In questo contesto di generale pessimismo va evidenziato come i grandi gruppi italiani — in modo particolare Unicredit e Intesa Sanpaolo — abbiano presentato risultati di un qualche interesse sistemico. In particolare, dall’analisi dei rendiconto di periodo, si vede come il moloch dei crediti deteriorati netti di Unicredit sia aumentato di solo l’1,5 per cento nel corso dell’ultimo anno, il valore incrementale più basso tra tutte le banche considerate dalla nostra analisi. In Intesa la stessa voce ha evidenziato un incremento del 13 per cento annuo, ma ci sono altre realtà bancarie con crescite attorno al 20 per cento (Ubi, Bpm, Bper). Tra le grandi realtà il Banco Popolare si ferma all’8 per cento di crescita, un risultato eccellente, ma in questo caso va altresì evidenziato come il rapporto tra sofferenze nette e patrimonio netto sia oggi al 59,85 per cento, quando il primo gennaio 2012 era al 40,57 per cento. Due sole banche hanno guadagnato al settembre 2013 più di un anno prima: PopMilano e Credem.

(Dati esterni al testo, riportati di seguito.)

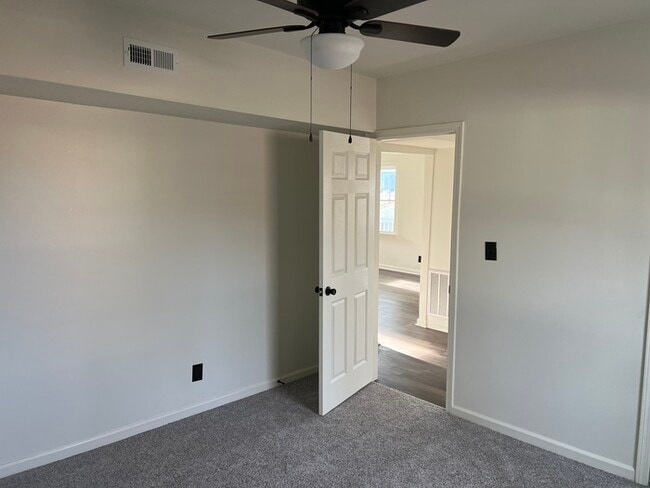 Building Photo - 1859 US-158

Un passo in avanti anche dal Montepaschi, ma ha solo perso meno. Nel complesso, alle dodici banche considerate mancano 1,988 miliardi di utile netto rispetto a un anno fa (erano 2.146 milioni, sono 158 milioni), ma va considerata la cura pesantissima che Montani ha imposto a Carige.
Accortezza
Nel bilancio di Intesa Sanpaolo prevale il senso della prudenza, a determinare il quale ha probabilmente contribuito anche il cambio di guida avvenuto nelle ultime settimane. A un risultato di periodo in marcata contrazione (-62 per cento), ha infatti corrisposto sì una flessione del margine operativo netto, ma soprattutto un marcato aumento delle rettifiche su crediti: +24 per cento.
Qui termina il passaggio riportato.